Beef demand is suffering as a result. Overall demand declined about two per cent in 2008 from 2007. But the decline accelerated in the fourth quarter from the third and continued to slide in the first quarter. A key factor is the amount of total meat and poultry that will be consumed. USDA’s latest forecast is for beef disappearance to be up 28 million pounds in 2009 from 2008. Pork disappearance will be up 519 million pounds while broiler and turkey disappearance will be down 118 million pounds. So beef will face even more competition from pork.
Beef processors thus face a market environment that is more challenging than forecast only three months ago. They will somehow have to sell their products at a price that attracts consumption yet allows them to maker a profit. 2008 was surprisingly profitable. Margins the first two months of 2009 were positive but then turned negative. Conditions will remain challenging throughout 2009 so margin management and cost reductions will be more vital than ever.
Packers have also seen considerable erosion in byproduct values. These were 45 per cent lower the second week of March than for the same week last year. Most of the decline has come in hide values. A steer butt branded hide that week sold for $29 versus a high of $64 in the summer of 2008, reflecting a global glut in hides and weak leather demand. The value averaged only $5.88 per cwt. the first week of March, which meant $61 per head less than a year earlier. By-product values are how packers cover their variable costs. That’s why beef margins went red in early February when boxed beef prices fell, even though packers bought cattle cheaper.
Meanwhile, the industry fears it has a “loose cannon” in its new agriculture secretary, at least regarding mandatory country-of-origin labelling (MCOOL). Tom Vilsack stunned the industry in February when he told them he wanted them to voluntarily agree to follow stricter guidelines on MCOOL. These include: a label to include where an animal was born raised and slaughtered; labelling of processed foods, including cured, smoked, broiled, grilled and steamed; a narrowing of the time that ground beef makers can hold inventories for labelling purposes from 60 to 10 days. The first request in particular galvanized Canadian groups into action, and led to some firm words from the U. S. Trade Representative’s Office to USDA regarding possible trade retaliation. Companies so far have ignored his request.

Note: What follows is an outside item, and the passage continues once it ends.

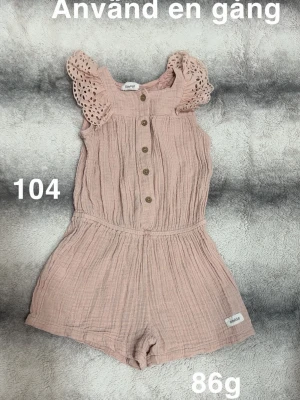 Rosa jumpsuit med spetsärmar - Supersöt rosa jumpsuit i mjukt, luftigt tyg med knappar framtill och korta ben. Ärmarna har fina spetsdetaljer som ger en gullig touch. Perfekt för varma dagar och enkel att ta på. Liten etikett nertill på benet.🌸Använd en gång. Storlek 104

Vilsack wasn’t done. While addressing the annual convention on March 9 of the National Farmers Union (a strong MCOOL supporter), he reportedly suggested MCOOL is an important part of a U. S. food safety program. That’s despite the fact that USDA in its final rule on MCOOL specifically states that the labeling program is not a food safety program. One can only wonder if Vilsack’s woeful ignorance of MCOOL will cause any lasting damage with one of the U. S.’s most important trading partners.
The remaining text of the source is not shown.